*What you have to do*.
Please restate word for word all lines from the one containing "The Roadside MOTEL screenshot" to the final line of the entries, and include no pictures.

Stored entries
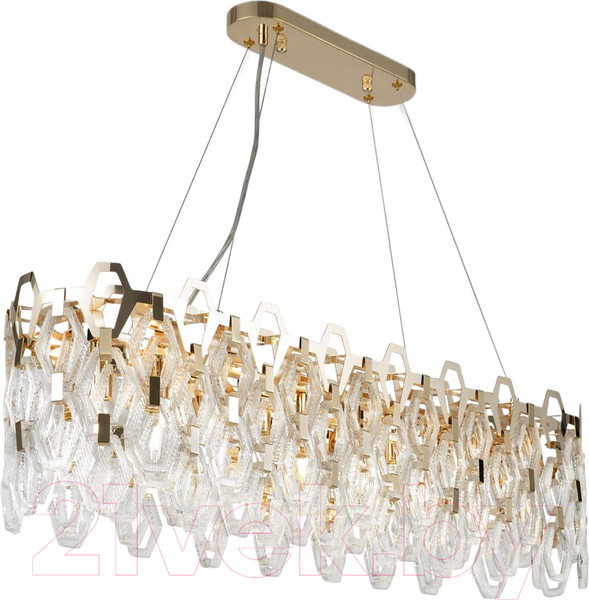 Изображение товара Люстра Maytoni Tissage MOD490PL-10G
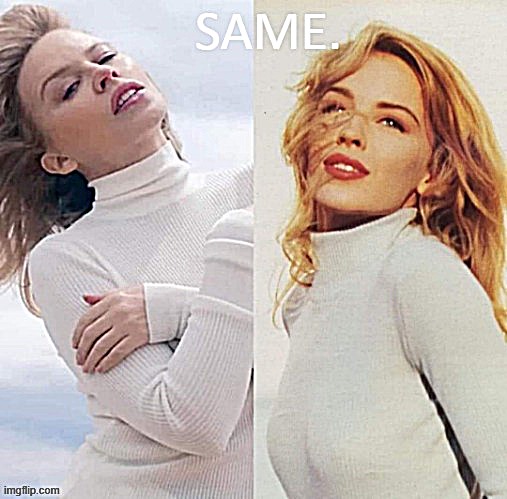 Kylie same. (sharpened) | image tagged in kylie same,same,they're the same picture,they are the same picture,there the same picture,new template | made w/ Imgflip meme maker
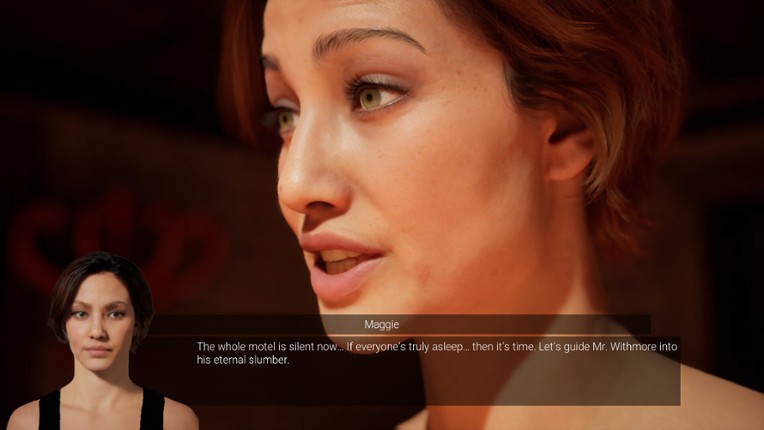 The Roadside MOTEL screenshot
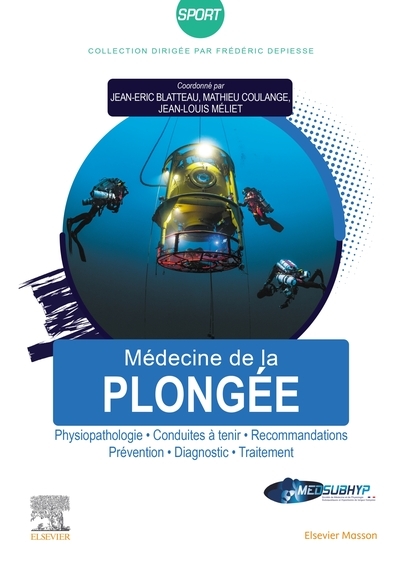 Médecine de la plongée - Image principale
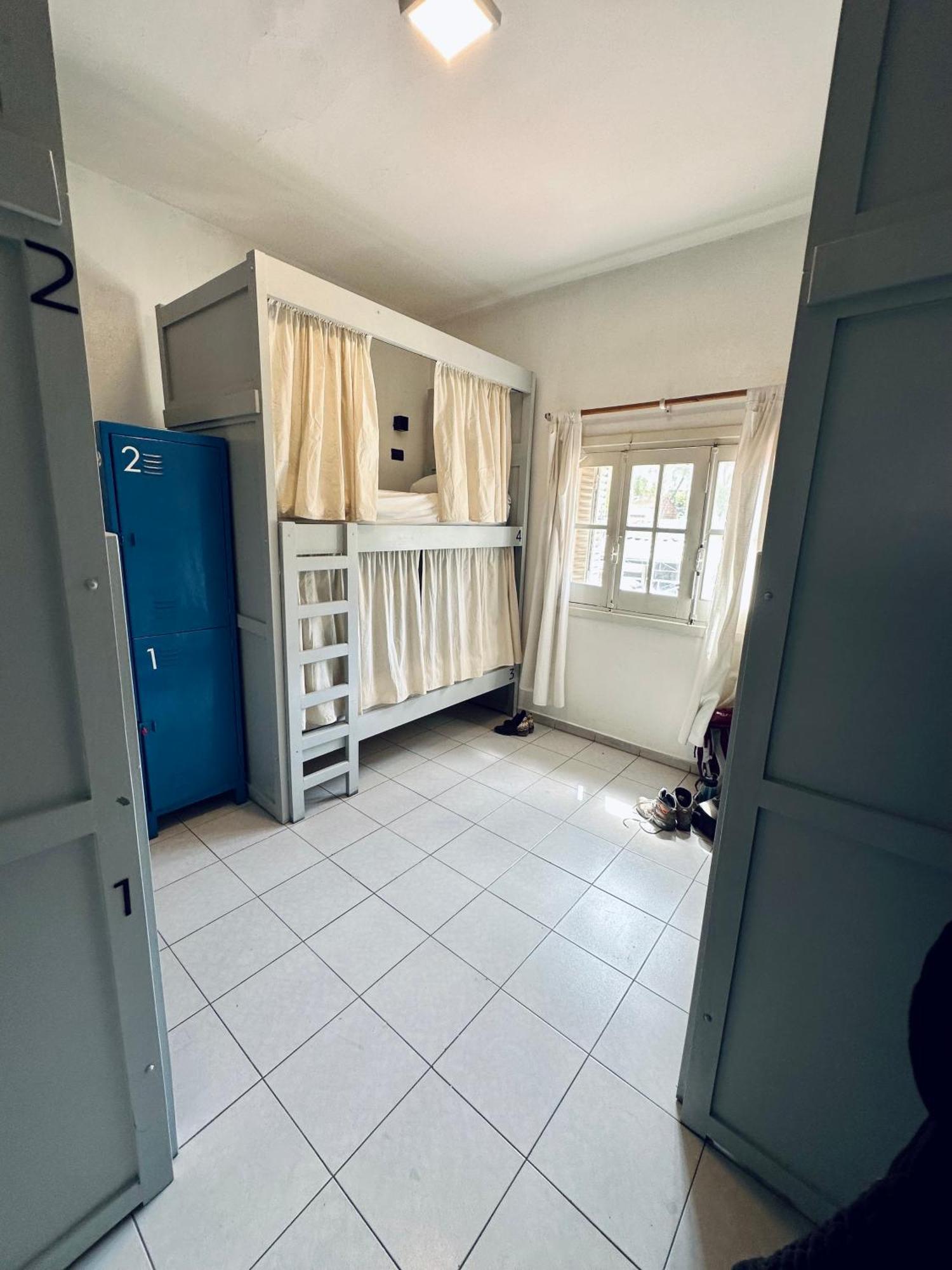 Gorilla Hostel Mendoza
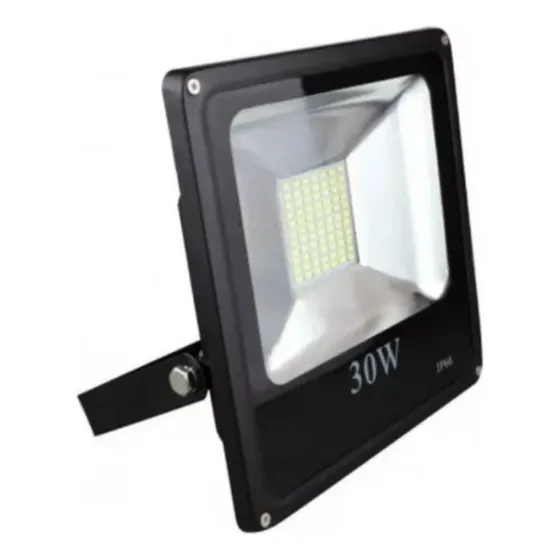 Reflector Luz Blanca 20w 12v/24v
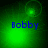Green-hued animated icon with blue text 'Bobby' and shifting light effects across four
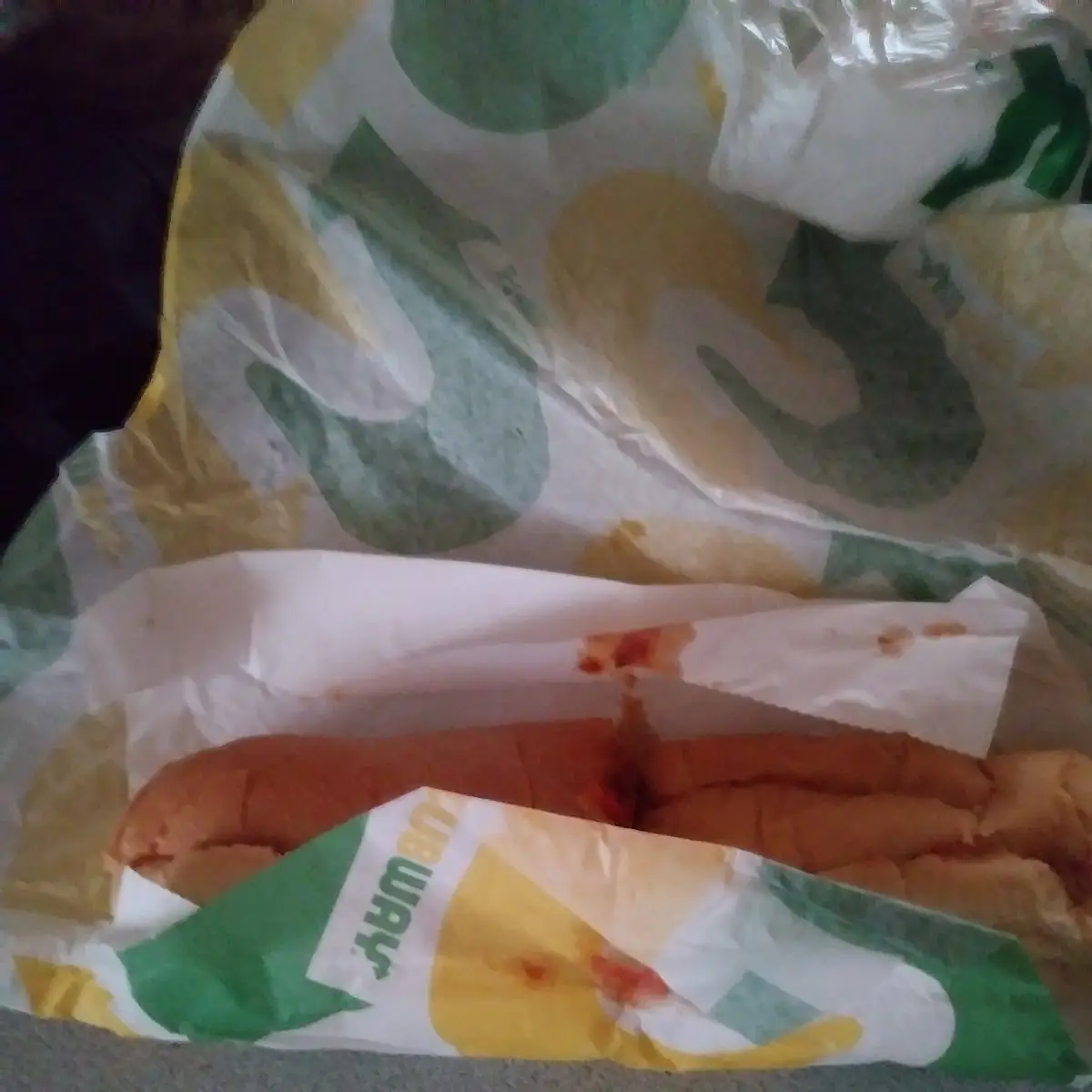 Meatball Sandwich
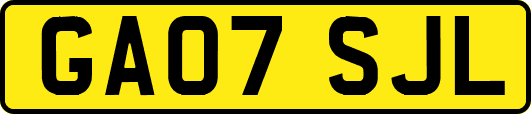 GA07SJL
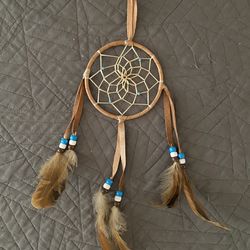 Handmade real dream catcher 20$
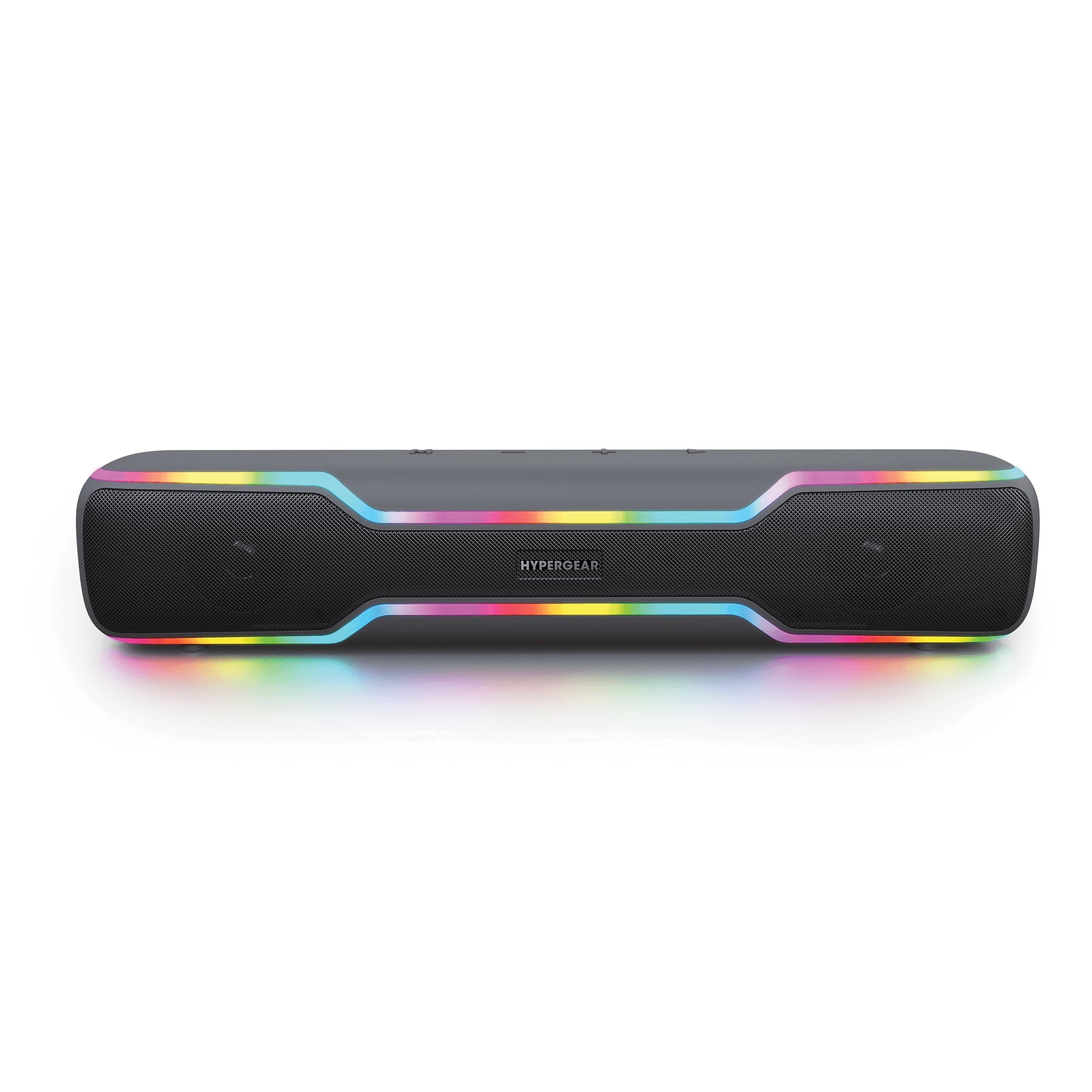 HyperGear - HyperBeam LED Wireless Speaker - Black
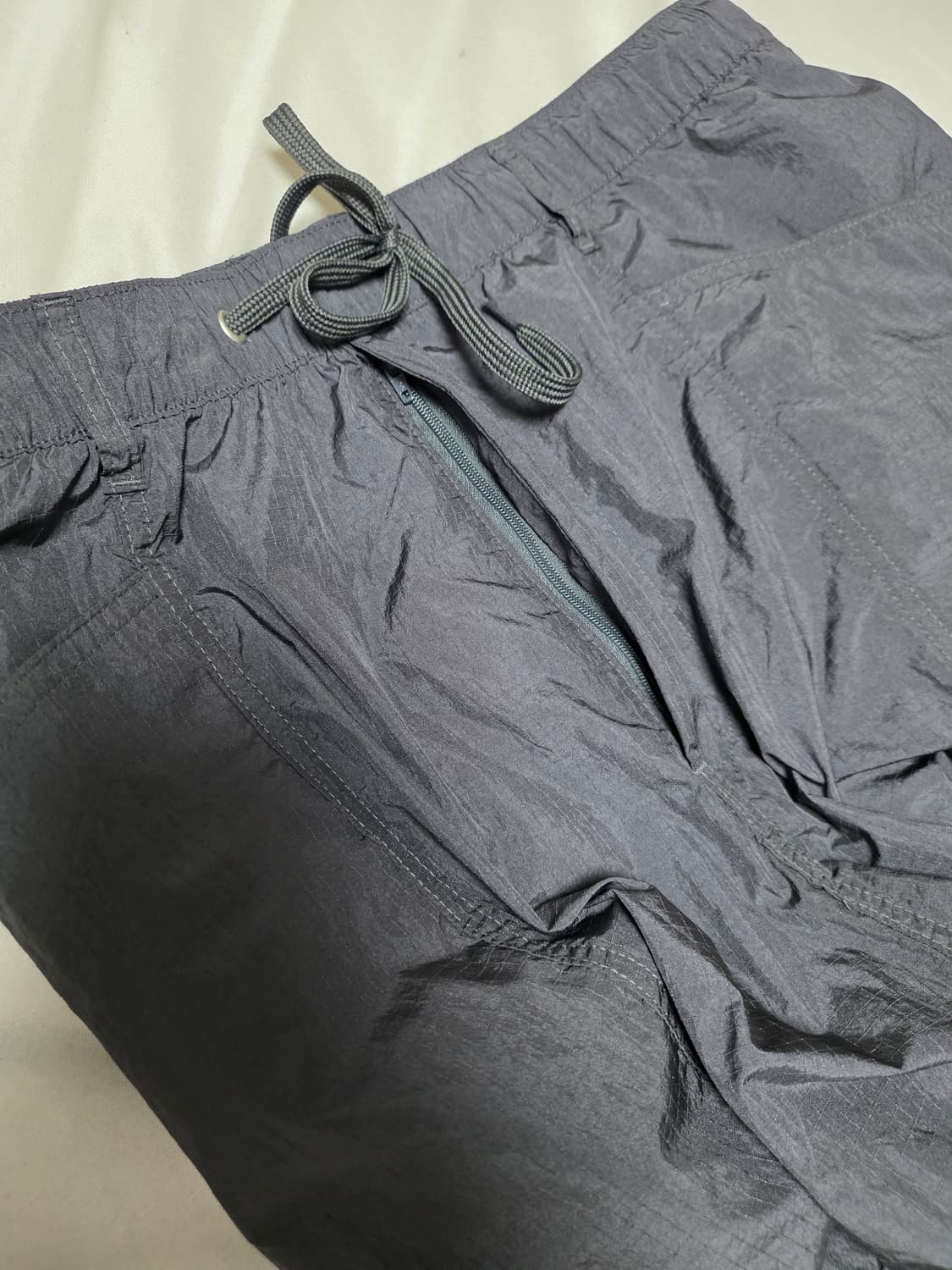 (미사용) 에잇세컨즈 나일론 카고 팬츠XL 상품이미지3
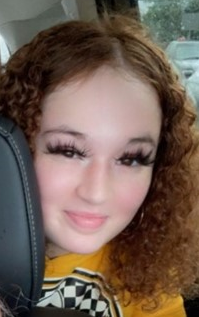 FairfaxCountyPD's tweet photo. Missing: 12-year-old Savannah Aubrey-Rose Johnson last seen Aug 10 around 1am in the 14800 blk of Haymarket Ln, Centreville. She is 5’7, 110lbs w/red hair &amp; hazel eyes. Endangered due to age. Call 703-691-2131 w/info. https://t.co/fUhniaq5ZD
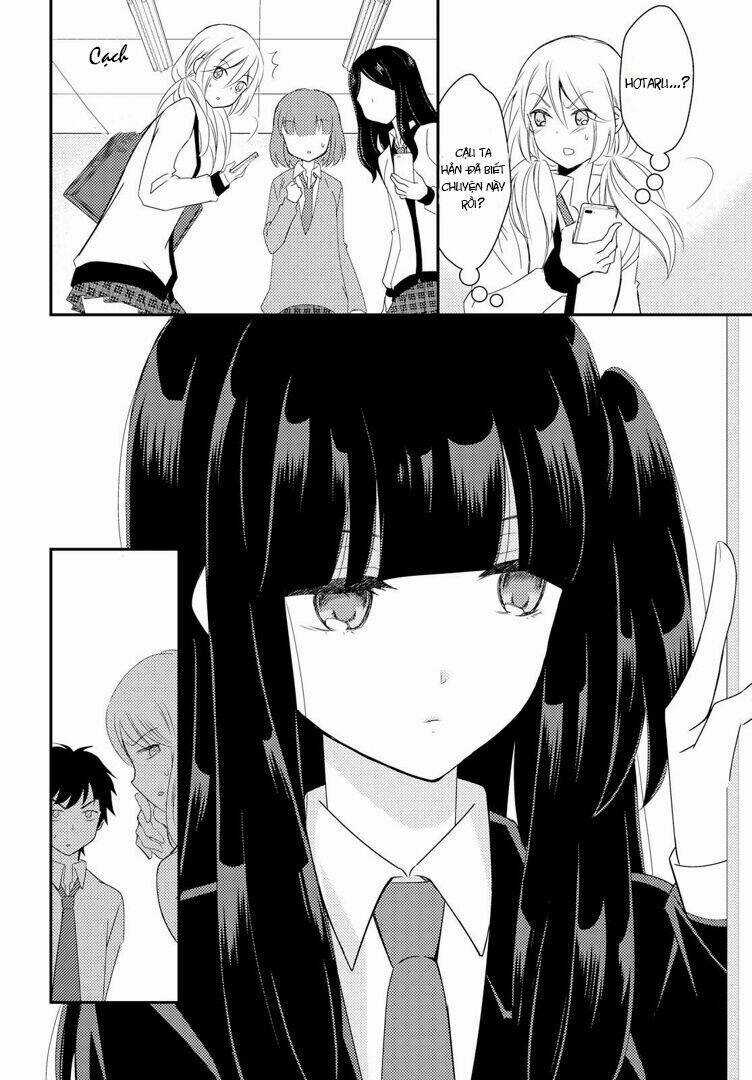 Netsuzou Trap - Chapter 21 - Trang 13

*Answer to this exercise*.
 The Roadside MOTEL screenshot
 Médecine de la plongée - Image principale
 Gorilla Hostel Mendoza
 Reflector Luz Blanca 20w 12v/24v
Green-hued animated icon with blue text 'Bobby' and shifting light effects across four
 Meatball Sandwich
 GA07SJL
 Handmade real dream catcher 20$
 HyperGear - HyperBeam LED Wireless Speaker - Black
 (미사용) 에잇세컨즈 나일론 카고 팬츠XL 상품이미지3
 FairfaxCountyPD's tweet photo. Missing: 12-year-old Savannah Aubrey-Rose Johnson last seen Aug 10 around 1am in the 14800 blk of Haymarket Ln, Centreville. She is 5’7, 110lbs w/red hair &amp; hazel eyes. Endangered due to age. Call 703-691-2131 w/info. https://t.co/fUhniaq5ZD
 Netsuzou Trap - Chapter 21 - Trang 13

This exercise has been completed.